You don't need to click refresh — the canvas listens for updates from the AI in real time and re-renders as the workflow takes shape. You can keep chatting on the left while watching the structure grow on the right.

Under the hood, this is what happens during build:

  1. A new workflow app is created automatically with the name and identifier you confirmed in the plan (or an AI-generated one if you didn't specify), and with the app type fixed from the plan.
  2. AI generates the workflow structure — trigger nodes, input forms, approval steps, action nodes, decision logic, loops, branches, merges, and end states are added to the canvas one phase at a time.
  3. Forms are built and attached to the relevant nodes.
  4. Action nodes are configured end-to-end, including connection selection, action discovery, field mapping, and auto-test (see AI-Assisted Action Node Configuration below).
  5. Permissions are set up automatically as a final pass — the AI resolves per-field permissions (editable / read-only / hidden) for every form-bearing step.

Step 5: Review and Refine

After the initial generation completes, you can:

  • Continue chatting with the AI to modify the workflow — add nodes, change form fields, adjust approval logic, or update conditions. The canvas on the right will continue to refresh with each change.
  • Switch to the Flow Builder to visually inspect and fine-tune the generated nodes and edges on the canvas directly. You can freely mix manual edits and AI edits — see Editing with AI below.
  • Edit forms in the Form Builder to customize field types, validations, and layout.

Once satisfied, publish the app to make it available to employees.


What AI Generates

When you describe a workflow, the AI creates a fully functional draft app that includes:

Forms

Structured input forms with relevant field types — text inputs, dropdowns, date pickers, file uploads, checkboxes, and more — based on the data you described.

You don't always need to specify every form field explicitly. When your prompt names a specific application (e.g., "raise a ticket in ServiceNow" or "submit leave in Workday"), the AI reads that integration's action configuration and documentation to identify the required fields. It then suggests and adds the relevant form fields automatically — so even a simple prompt with just the application name and intent can produce a complete, well-structured form.

Workflow Nodes

The AI assembles the appropriate nodes on the Flow Builder canvas, including Trigger, Input, Approval, Action, Decision, Branch/Merge, Delay, End, and the following:

  • Mapper — Maps and transforms data between nodes or external systems.
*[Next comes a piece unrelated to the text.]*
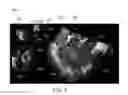 Fig. 05 - Methods and systems for model driven multi-modal medical imaging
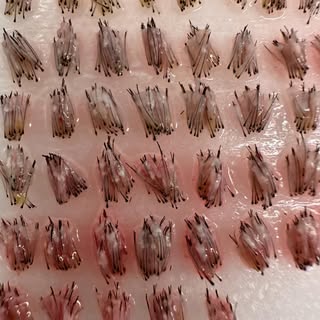 Why does the quality of your grafts matter so much?

I spend significant time staring under the scop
Commonly used to restructure data from one format to another before passing it to an integration.
  • Function — Runs custom JavaScript logic for data transformation, computation, or conditional evaluation that goes beyond what Decision nodes offer.
  • Update — Modifies form data or workflow variables mid-execution without requiring a new Input node.
  • For Loop — Repeats a set of steps for each item in an array — e.g., "for each employee, send a welcome email" or "for every line item, create a Jira ticket". The AI creates the loop as a start/end block pair, builds the loop body between them, and configures the array source and maximum iterations.
  • While Loop — Repeats steps while a condition holds — e.g., "keep polling until the status is 'done'". The AI configures the loop condition, maximum iterations, and failure behavior.
  • Async Callback — Pauses the workflow until an external system calls back via webhook, then resumes. The AI configures the correlation identifier that matches the callback to the waiting item, the timeout (default 15 minutes), what happens on timeout or failure, and optional mapping of callback payload fields back into forms or constants — including masking of sensitive fields.

Edges & Logic

Connections between nodes with appropriate conditions and routing rules are generated automatically based on the logic described in your prompt.


AI-Assisted Action Node Configuration

When the AI generates an Action node that connects to an external integration (e.g., HRIS, ITSM, CRM), it doesn't just place a placeholder — it walks through the full configuration setup:

  1. Application & Connection Selection The AI identifies the relevant integration application based on your prompt (e.g., Workday, ServiceNow, SAP SuccessFactors). It then asks you to select or confirm an active connection — the authenticated credential linking Leena AI to that external system.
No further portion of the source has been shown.